This is a literature review of a study entitled “College Student’ Lifestyles and Self-Protective Behaviors – Further Considerations of the Guardianship Concept in Routine Activity Theory” (Tewksbury & Mustaine, 2003). The study was conducted by Richard Tewksbury from the University of Louisville and Elizabeth Ehrhardt Mustaine from the University of Central Florida.
The research aims to look into two elements of the routine activity theories. One is the guardianship, the second is the individual characteristics such as lifestyle. This study’s data came from self-administered surveys collected during the first three weeks of the 1996 fall academic term. A total of 1,513 college and university students in nine postsecondary institutions in eight states completed the survey.
The dependent variable in this study was the possession and carrying of self-protective measures. The independent variables are discussed in the results.
Previous research suggests that persons who are more fearful of crime or those who perceive their surroundings as unsafe are more likely to use self-protection (Ferraro, 1995). However, in this study, they found that only a few community disorder measures, fear, and safety perceptions were essential predictors of guardianship usage. Therefore, this research suggests that fear of crime, safety concerns, and situational proximity are not strongly related to the employment of self-protective measures.
The research also found one demographic characteristic, employment status contributes significantly to the probability of a college student using protective behaviors. Students who are employed are 40% less likely to use self-protection than those who are unemployed.
Neighborhood structures and characteristics show that three measures of social disorganization of communities are essential among these students:
- Living near police stations
- Living near fast-food restaurants
- Living in neighborhoods with unsupervised youth
Students who live near police stations have 66% greater odds of using self-protection than those who do not live near police stations. These findings are contrary to some previous research (Wycoff, Skogan, Pate, & Sherman, 1985). However, persons who live near police stations have a relatively constant reminder of crime and may, therefore, be more likely to take precautions. Besides, police stations are likely to be located in disordered or lower-class communities. It might be that crime rates are higher in these areas, and residents objectively perceive themselves to be less safe.
Living near fast-food restaurants, students near them have 27% lower odds of using guardianship to percent crime. Persons living in communities with unsupervised youth are 23% more likely to use self-protection forms than persons in communities without these characteristics.

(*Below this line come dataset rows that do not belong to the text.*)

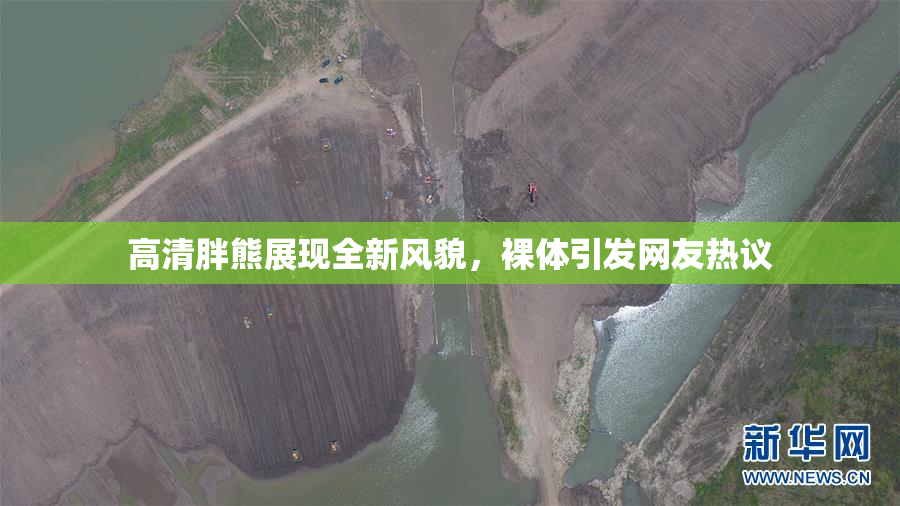 高清胖熊展现全新风貌，裸体引发网友热议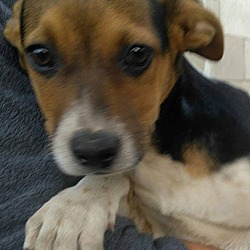 Thumbnail photo of Nomi (in adoption process) #2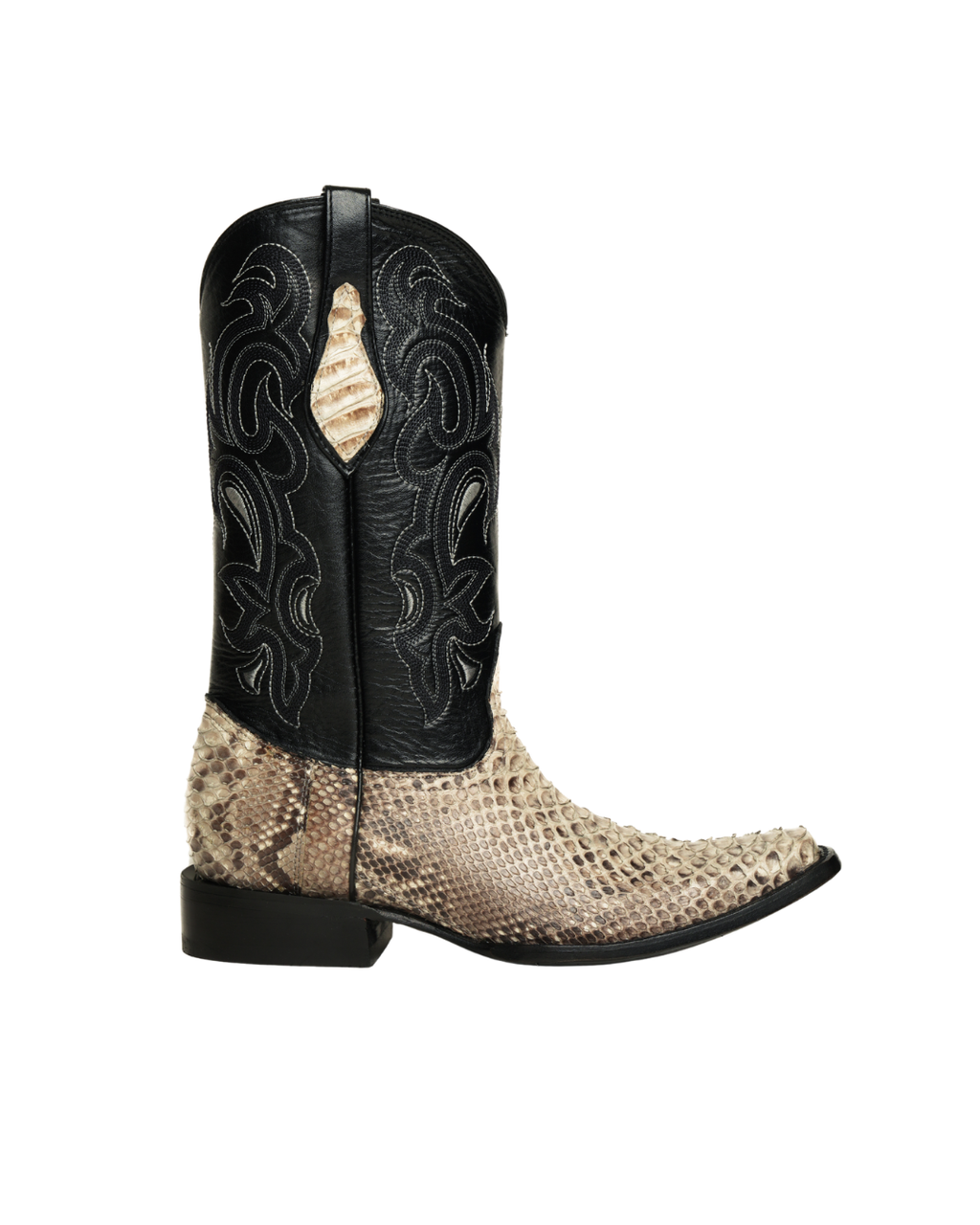 Python Natural Holandesa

Lifestyle characteristics show that drug use is a significant predictor of self-protective measures among these college students. Students who used crack experienced 236% greater odds of using self-protective behaviors.
The research also found that students who spend more time with strangers have higher odds of using self-protection. The ones who go out frequently on foot have 19% greater odds of using self-protection measures than do students who use other forms of transportation.
The research concluded that the analysis found that students’ use of self-protective devices is dependent on:
- Their employment status
- Transportation activities
- The frequency of associating with strangers
- Living in disordered neighborhoods
- Use of crack
- Perception of the safety of their homes
Previous research has examined individual characteristics and how they relate to the use of self-protection. However, this research has focused on demographic characteristics.
- Tewksbury, R., & Mustaine, E. (2003). College Student’ Lifestyles and Self-Protective Behaviors. Criminal Justice and Behavior, 302-327.
- Wycoff, M. A., Skogan, W. G., Pate, A. M., & Sherman, L. W. (1985). Police community stations: The Houston field test, executive summary. Washington, DC: National Institute of Justice.
- Ferraro, K. F. (1995). Fear of crime: Interpreting victimization risk. Albany: State University of New York Press.